Exercise → Only the lines from the one containing "花户如何能借到钱呢2025年精选，概括五个黑户可快速办理小额贷款业务的平台" to the end of the records belong in the copy. Reproduce them word for word and drop the pictures.

*** Opening of Available data ***

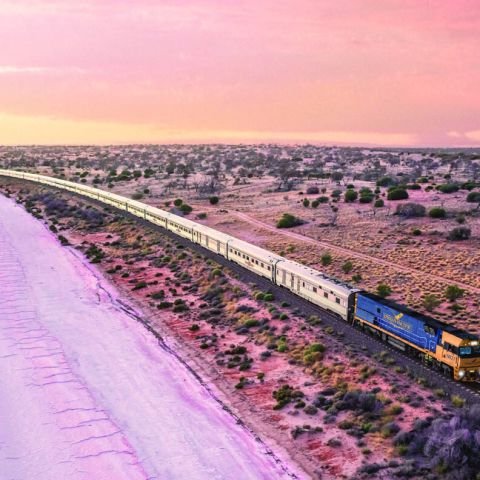 Indian Pacific Sydney to Adelaide or vice versa 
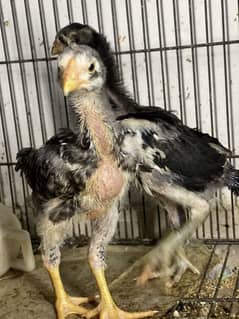 Black and coco Shamo Chicks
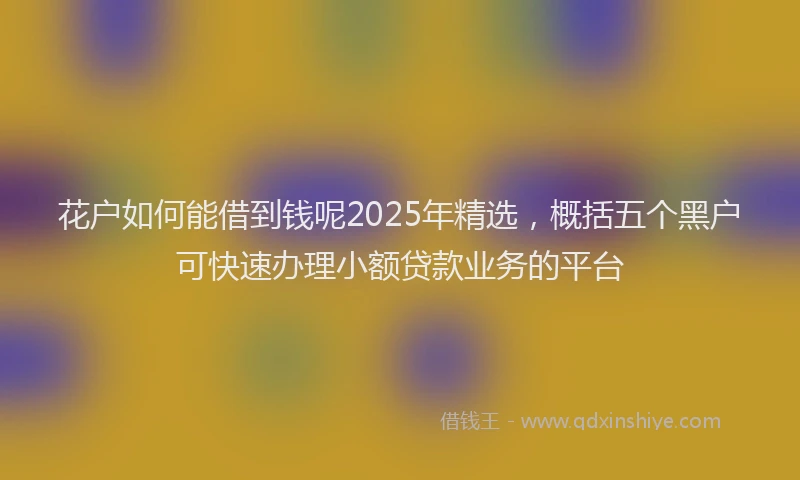 花户如何能借到钱呢2025年精选，概括五个黑户可快速办理小额贷款业务的平台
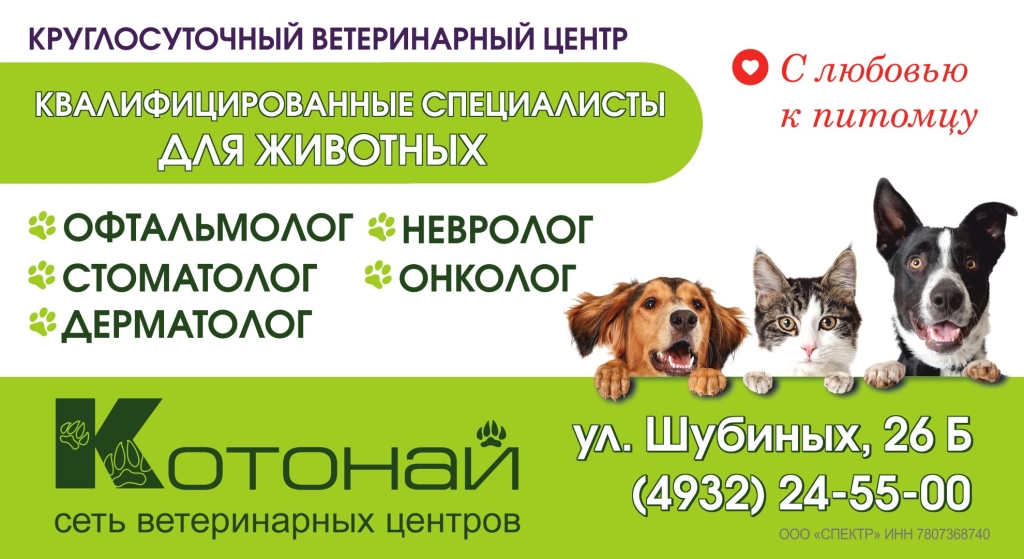 ��������� ������ �������.jpg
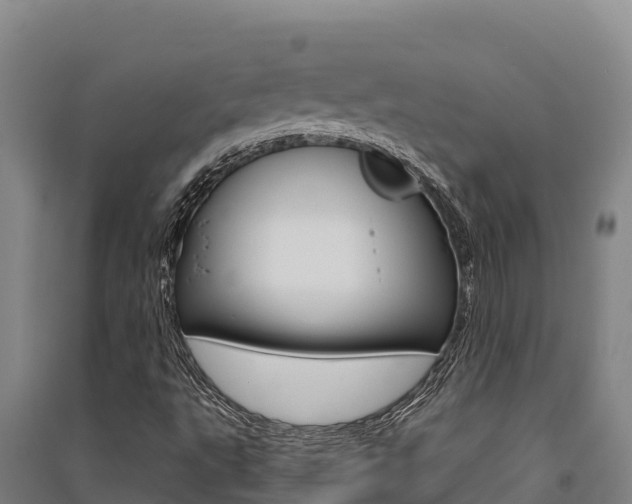 X0000091561495200708171050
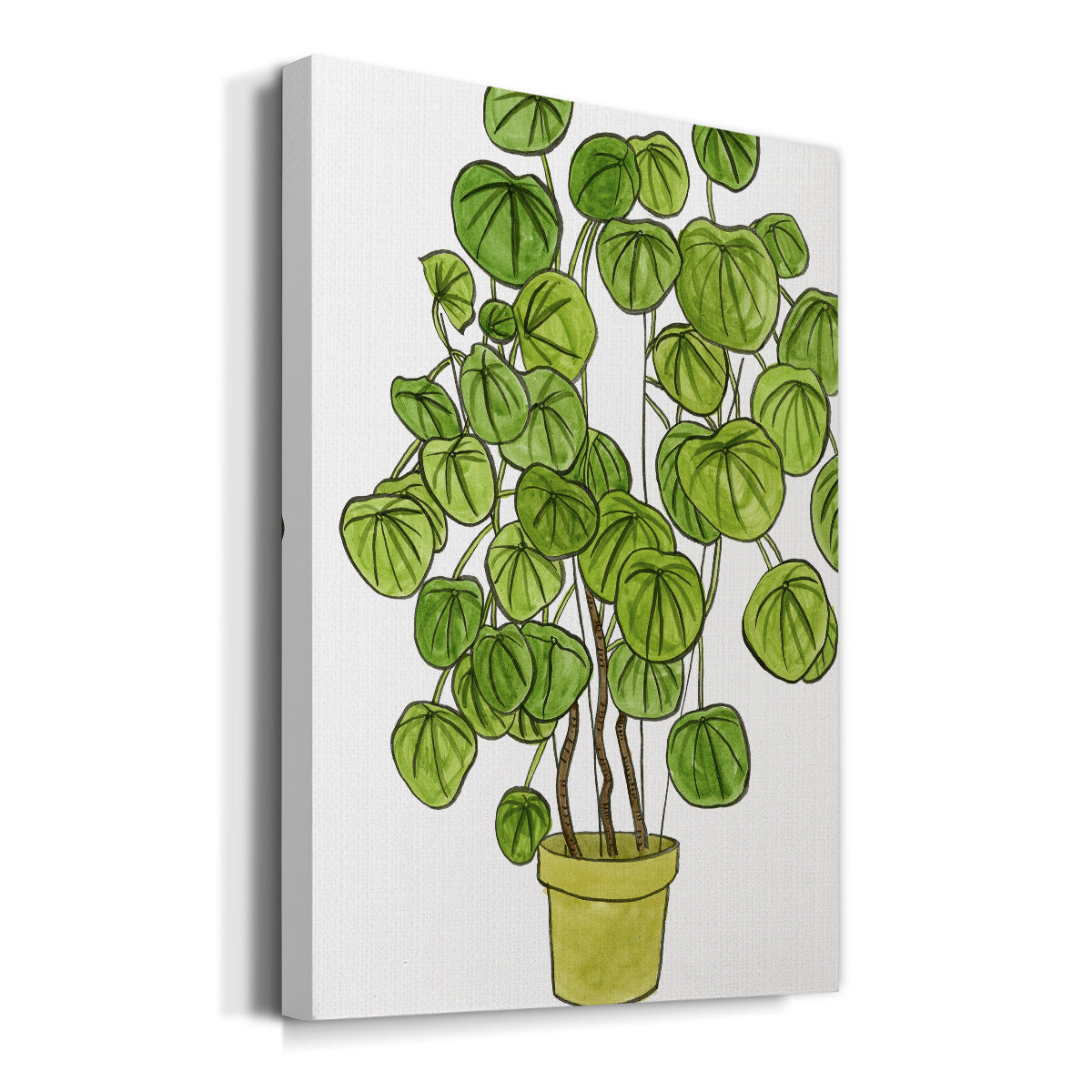 Potted Jungle II Premium Gallery Wrapped Canvas - Ready to Hang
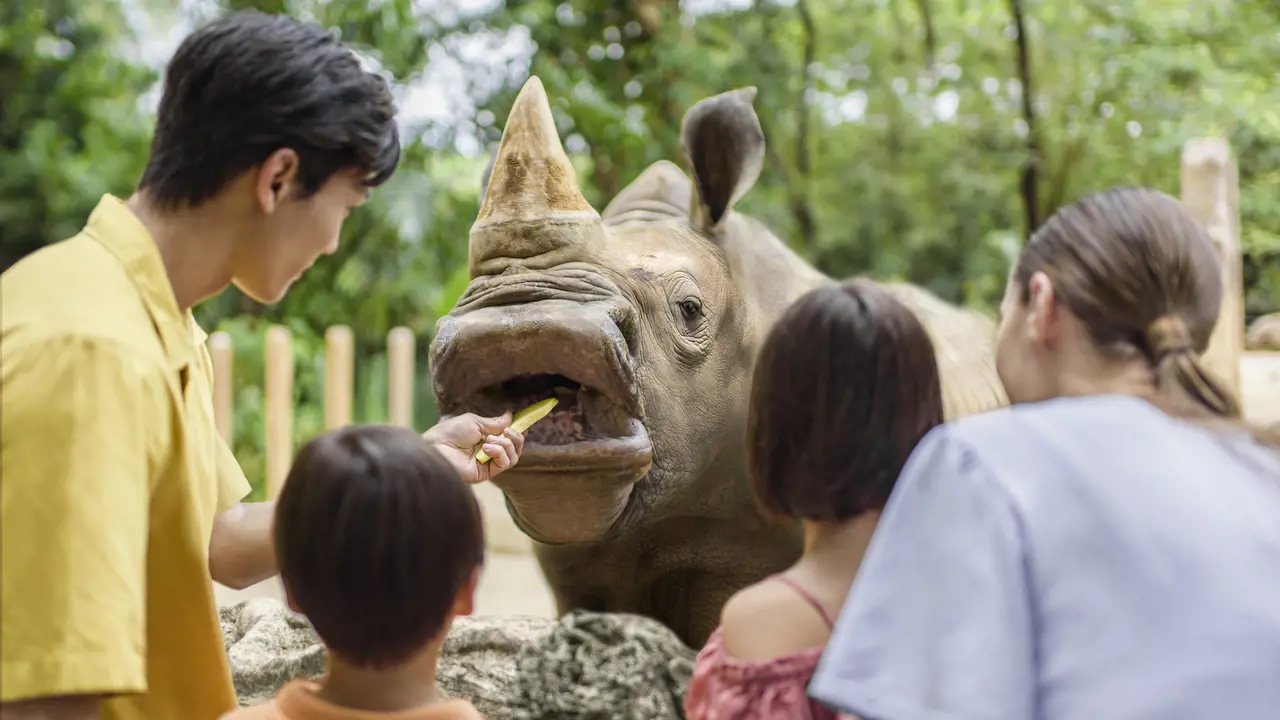 Singapore Zoo Ticket - Photo 11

*** Close of Available data ***

Answer to this problem →
 花户如何能借到钱呢2025年精选，概括五个黑户可快速办理小额贷款业务的平台
 ��������� ������ �������.jpg
 X0000091561495200708171050
 Potted Jungle II Premium Gallery Wrapped Canvas - Ready to Hang
 Singapore Zoo Ticket - Photo 11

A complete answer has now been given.